Rosario tiene un río, un monumento, amplios espacios verdes y más de un millón de personas que la habitan y hacen que, más allá de la invariabilidad aparente de esos otros elementos (para el frenético ojo humano), todo el tiempo pasen cosas.

La ciudad es menos la estática imagen proyectada desde lo alto de las escalinatas del Parque España, aunque sea hermosa, que el compendio de sucesos de un día, o más, un instante de los mismos, aunque pueda ser apabullante, angustiante y provenga no de infinitos pero sí de innumerables puntos, barrios y calles de una periferia no olvidada pero sí secretamente tercerizada.

Consolarse con la proyección (¿o abyección?) no está mal para alguna vez, a nadie puede exigirse la constante lucidez, alcanza con raptos. Pero alguna vez hay que tenerlos. Para eso no hace falta ser genio, culto, ni académicamente consagrado. Ni siquiera artista, sino verdaderamente sensible pero para ver algo más allá de propios ombligo, círculo y aspiraciones. O al menos reconocer que son eso, de lo contrario se trataría de “caretearla”.

Entre lo que hace la gente, cada tanto vota cuando hay elecciones, lo que puede llegado el caso “cambiar las cosas”, por ejemplo el Gobierno. El pronto cambio de mando a nivel nacional fue esperado y celebrado por muchos desde “la cultura”, probablemente con razones válidas, apalacancadas en la urgencia económica. Pero este diciembre trae también modificaciones en esquemas a nivel local, con un partido, mejor dicho una estructura partidaria, que sale del poder tras varios años de ejercerlo y, naturalmente, amoldarse a ese ejercicio.

Como toda gestión democrática tiene matices y tendrá cosas destacables y otras no. Ni capacidad ni correspondencia hay en este texto para analizar eso. Tampoco repasar cual catálogo los logros o faltantes en el área cultural.

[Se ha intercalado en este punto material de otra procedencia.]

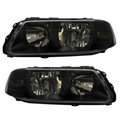 Par De Faros Pointer Gti Negro 2000 A 2005 Con foco Fastdrive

Simplemente se trata de dejar sentado que el debate alrededor de tópicos como ese, y más en momentos socioeconómicamente brutales, no puede pasar por chicanas cruzadas que se parecen más a una interna de la Rosario Blanca que a una reflexión profunda y sincera, que permita establecer balances y visiones a futuro, no regodearse en la propia melaza sino pensar colectivamente, urbanísticamente, de dónde venimos, qué tipo de ciudad somos y cómo pretendemos ser, aunque luego, inexorablemente, la realidad se encargue de colocarnos en lo que seamos.

Ni advertencias/ataques que señalan la “excelencia” y necesidad de “no tocar nada” respecto a la gestión cultural saliente, ni la victimización excesiva de la entrante, pueden aportar en ese sentido. Más bien lo contrario. Dejan ver la hilacha de posiciones atrincheradas. Suena, sobre todo en el primer caso (en el segundo, hablando en términos de gestión, hay que esperar para ver) a cuidar la propia huerta, en una actitud probablemente mezquina.

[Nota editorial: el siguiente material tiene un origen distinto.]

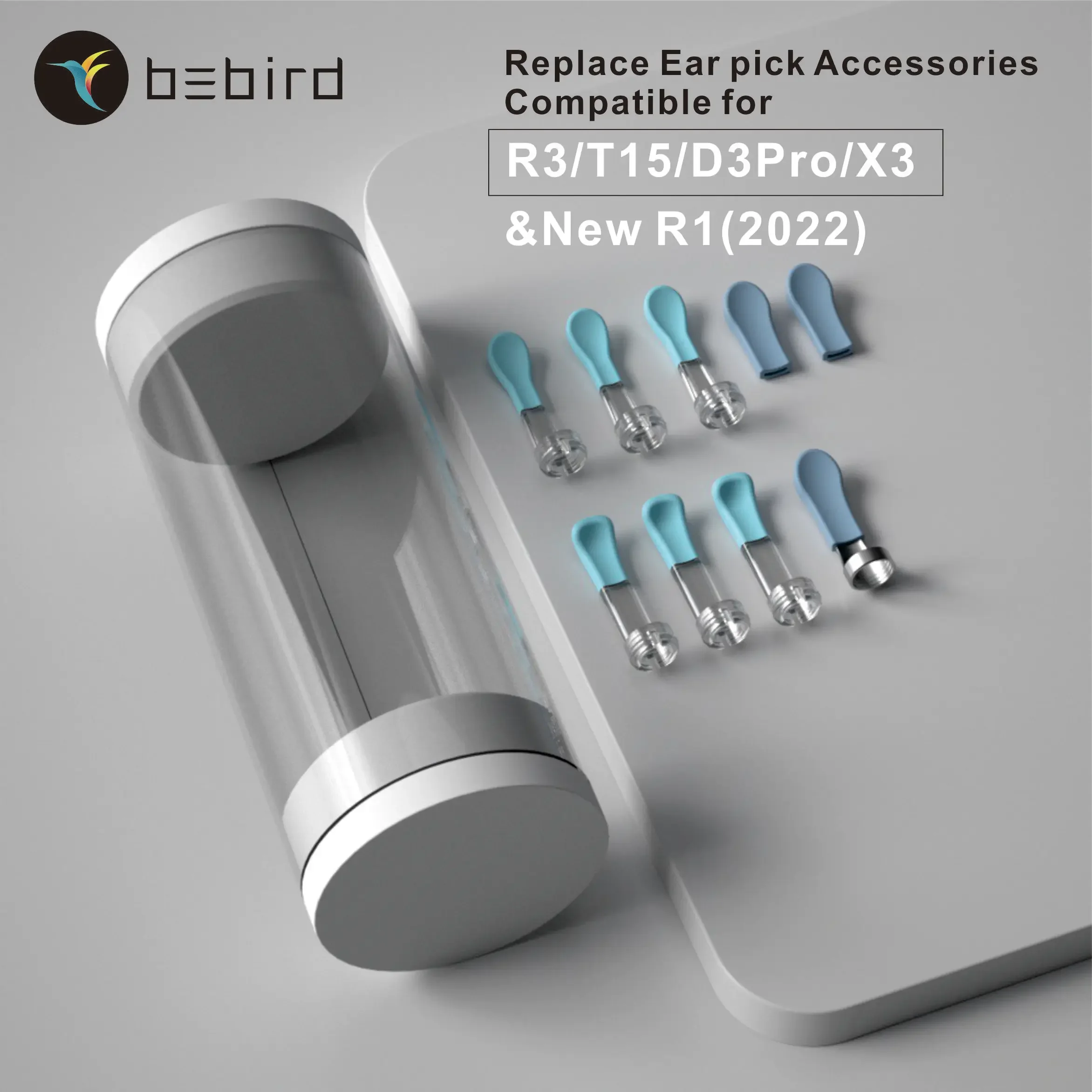 Bebird Accessory M9 Pro A2 C3 B2 X17 Pro Original Visual Ear Cleaner Replace Ear Tips Tool Set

Rosario no es París, Barcelona ni Chicago. Y no tiene por qué querer serlo. ¿Eso quiere decir que debe arrasarse con presupuestos e instituciones que promuevan la expresión cultural ajena al foco naturalmente elitista de los medios masivos? Claro que no. ¿La existencia de esos espacios, con demasiada facilidad para volverse endogámicos, significa en sí misma una perfección que no requiera modificaciones? Menos.

La moral en estos casos no sirve para nada. La imagen que se proyecta desde los principales canales, radios y diarios de la ciudad es del centro a la periferia. Una ciudad ultra cosmopolita que mira hacia el río y su reflejo en él, pero pocas veces tierradentro (incluso de uno mismo).

Rosario tan sólo es un lugar, a la sombra de los barrios amados, y quienes la habiten y prentendan interpretarla o, menos pretencioso, escribirla, cantarla, pintarla o bailarla, no pueden hacerlo desde el periscopio del turista, o peor, desde el ojo de alguien que vive aquí y no se da cuenta.